研究課題
若手研究
本研究では、作成した半月体形成性腎炎モデルラットに、ERK経路阻害剤としてERK1/2のリン酸化を阻害するMEK1/2阻害剤、ERK5のリン酸化を阻害するMEK5阻害剤を投与し、正常対照群および無治療腎炎群と比較した。半月体形成率の検討において、MEK1/2阻害剤投与群では無治療腎炎群と比較して半月体形成率の低下が認められた。
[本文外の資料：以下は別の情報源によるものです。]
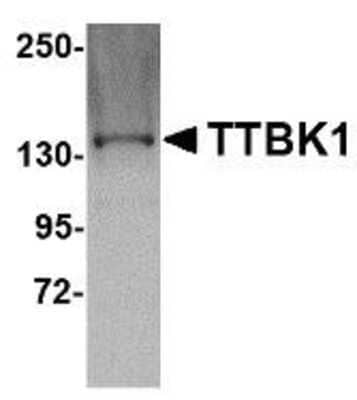 Western Blot: TTBK1 AntibodyBSA Free [NBP1-76989]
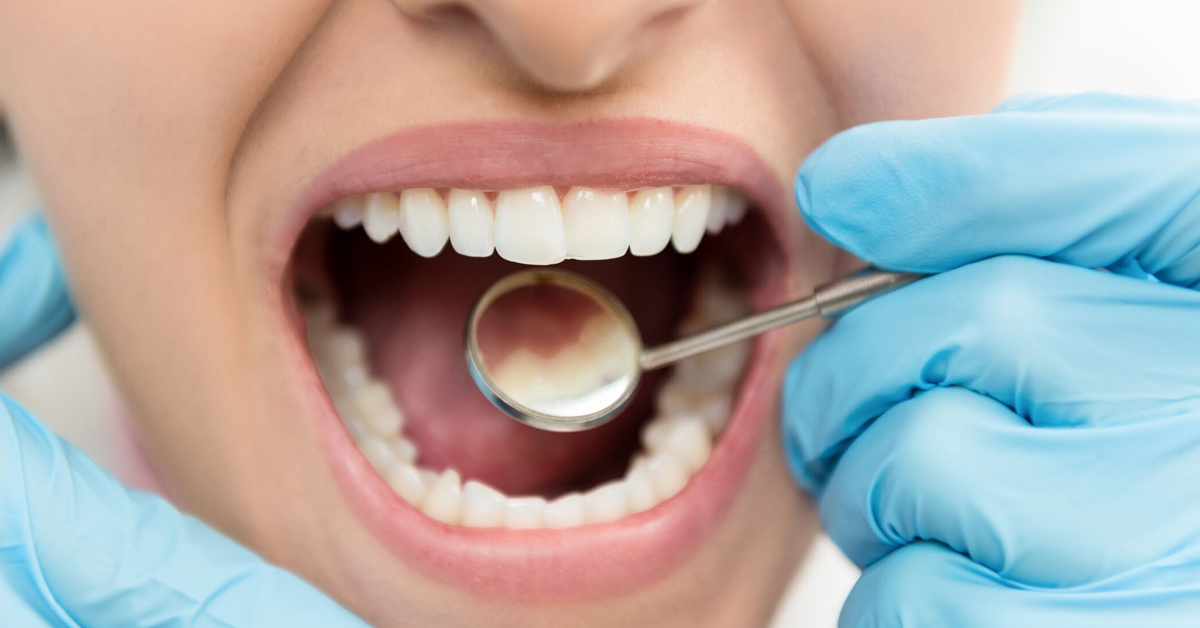 Caries: una de las principales enfermedades dentales - Clínica dental Belén Pérez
またMEK5阻害剤投与群でも半月体形成率の軽度低下が認められた。これらの結果は腎炎においてERK経路があらたな治療標的となる可能性を示唆するものと思われた。
内科系臨床医学・小児科学
本研究にて半月体形成性腎炎におけるERK経路の関与およびERK経路阻害剤の一定の効果を証明することができ、今後投与方法の工夫や投与量の調整、ヒト腎炎など引き続き研究を継続していくことにより、ERK経路を治療標的とするあらたな治療法の開発につながりうるものと考えている。今後ERK阻害剤が既存の治療に抵抗性を有する腎炎に対しても、その作用機序の違いから効果を発揮する治療戦略となりうることを期待する。